Mais cette trajectoire est parfaitement normale pour Trenitalia France, compte tenu des investissements à consentir pour se lancer et exploiter les lignes, notamment à travers les péages payés à SNCF Réseau qui sont parmi les plus élevés d'Europe, et de sa politique tarifaire agressive.

"Il faut considérer que nous sommes toujours en période d'investissements, on a un plan et on suit ce plan", explique Fabrice Toledano. "Il faut atteindre une masse critique avant de stabiliser nos dépenses mais c'est vrai qu'avec des péages quatre fois plus chers qu'en Italie, c'est compliqué; c'est le premier coût d'exploitation pour nous. Nous militons pour que les prix des péages n'augmentent plus". Or, ces péages ont bien vocation à augmenter.

La clientèle business en ligne de mire

Rappelons par ailleurs que l'opérateur a bénéficié de "tarifications négociées" c'est à dire de rabais offerts aux nouveaux entrants sur les péages vers Lyon (désormais terminés) et pour Marseille pour ses deux premières années d'exploitation.

Pour atteindre cette fameuse masse critique, Trenitalia France mise encore et toujours sur l'accroissement de son offre actuelle avec plus de rotations vers Lyon à partir du mois de décembre avec l'ambition d'attirer plus de clients professionnels. "Nous élargissons nos canaux de distribution, nous offrons plus de fréquences ce qui est essentiel pour cette cible qui représente déjà près d'un client sur deux. De quoi créer une marge de croissance", explique Fabrice Toledano. Il faut également ajouter que cette clientèle est prête à payer son billet plus cher que le passager lambda.

Mais l'opérateur n'entend pas se positionner sur d'autres lignes à grande vitesse. On ne verra pas Trenitalia arriver à Bordeaux par exemple, ni s'arrêter sur plus de gares intermédiaires, un choix qui rend moins compétitif le temps de parcours, estime l'opérateur qui estime néanmoins "faire le boulot" en la matière.

"On souhaite se concentrer sur l'axe sud-est. Pour nous, c'est compliqué de desservir un autre axe, notamment pour des questions de maintenance. C'est à travers cet axe qu'on doit atteindre cette masse critique car notre objectif est d'être un jour rentable", explique Marco Caposciutti.

"On n'est pas dans une guerre des prix"

"On sera encore dans le rouge cette année et en 2026. Avec l'accroissement de l'offre, on vise la rentabilité en 2027 ou en 2028", souligne-t-il, soit entre six et sept ans après son arrivée en France (fin 2021).

La principale illustration de cette montée en charge est le passage à 14 rotations quotidiennes en semaine vers Lyon en décembre, contre neuf auparavent et 24 pour SNCF Voyageurs.

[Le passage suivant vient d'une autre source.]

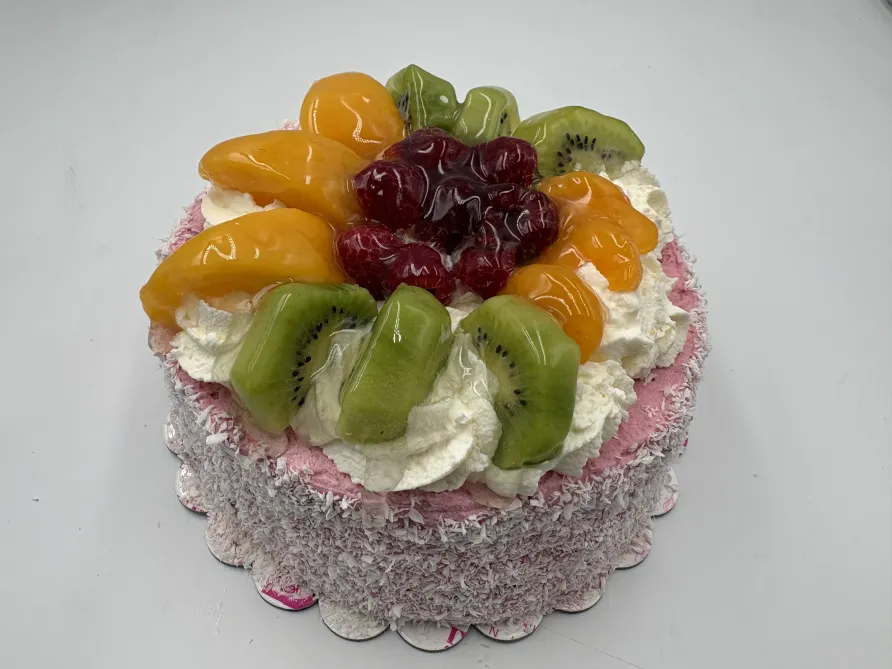Tort Śmietanowo-Malinowy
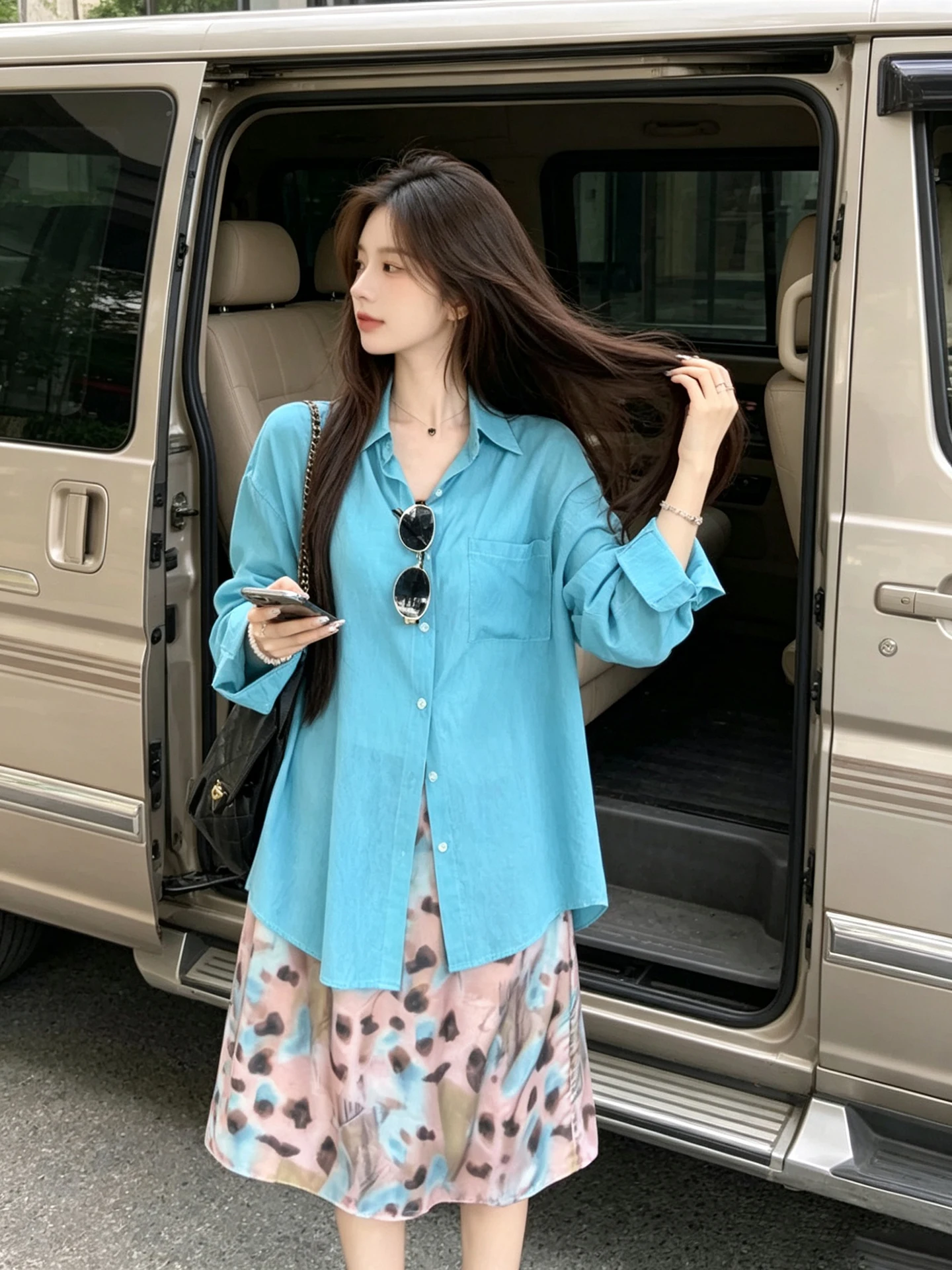 Women's Summer Fashion Three-Piece Set Vest Strap Top Sunscreen Long Sleeve Shirt Floral Print Half Skirt Lazy Vacation Style
Women's Summer Fashion Three-Piece Set Vest Strap Top Sunscreen Long Sleeve Shirt Floral Print Half Skirt Lazy Vacation Style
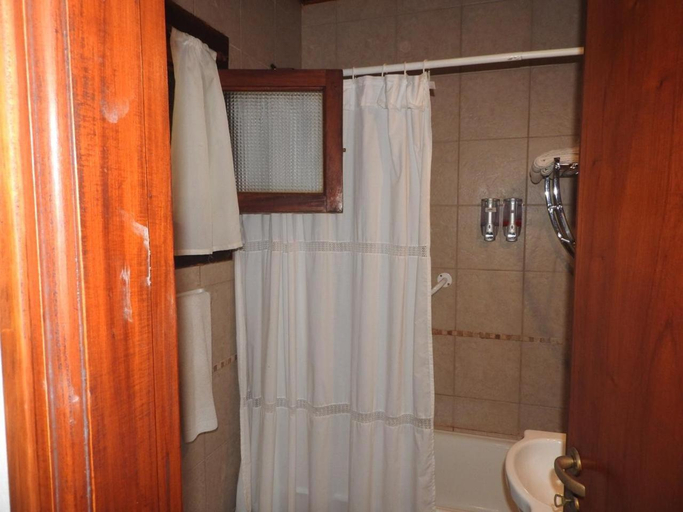 Bathroom, Hotel Las Piedras, Villa Gesell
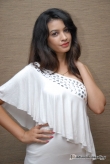 actress-deeksha-panth-2012-photos-117763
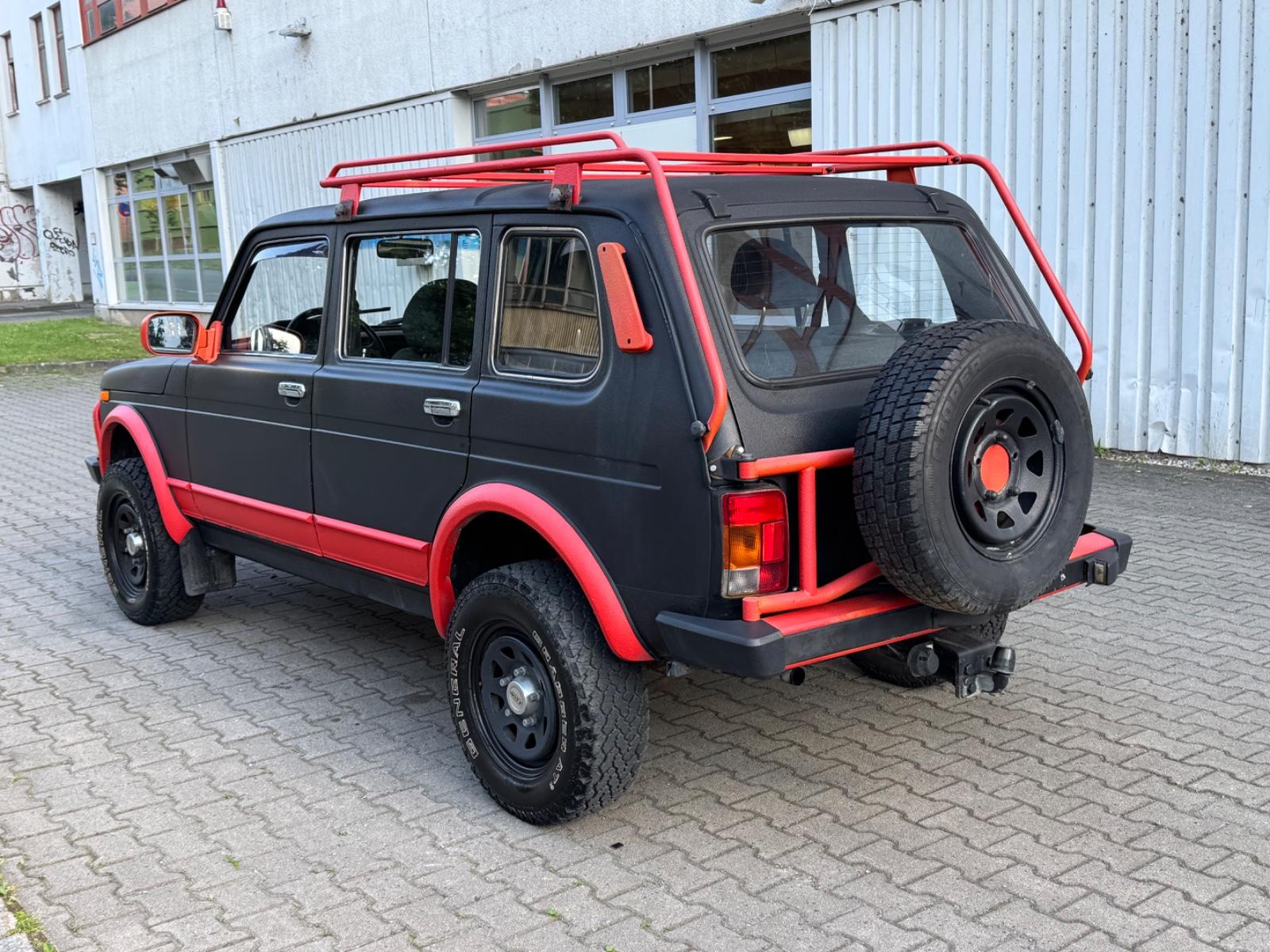 LADA NIVA - 1.7I 4X4 ORIGINAL - 83 CV - BVM - ATTELAGE FIXE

Cet accroissement est néanmoins limité car Trenitalia France utilise l'ensemble de son parc de trains et les nouvelles rames à grande vitesse commandées par la maison mère sont réservées au marché italien. A court terme, il y a donc peu de chances de voir plus de trains vers Marseille ou Milan.

Pour le reste, les péages vont continuer d'augmenter et la politique agressive de prix demeurer. "Nous ne sommes pas low cost mais nous voulons être moins chers que la SNCF. Pour notre dynamique, c'est un levier que nous continuerons à appliquer", souligne Marco Caposciutti. "On n'est pas dans une guerre de prix, ce qui compte, c'est le rapport qualité/prix", complète Fabrice Toledano. Une équation qui risque de peser encore quelques années sur les comptes de Trenitalia France.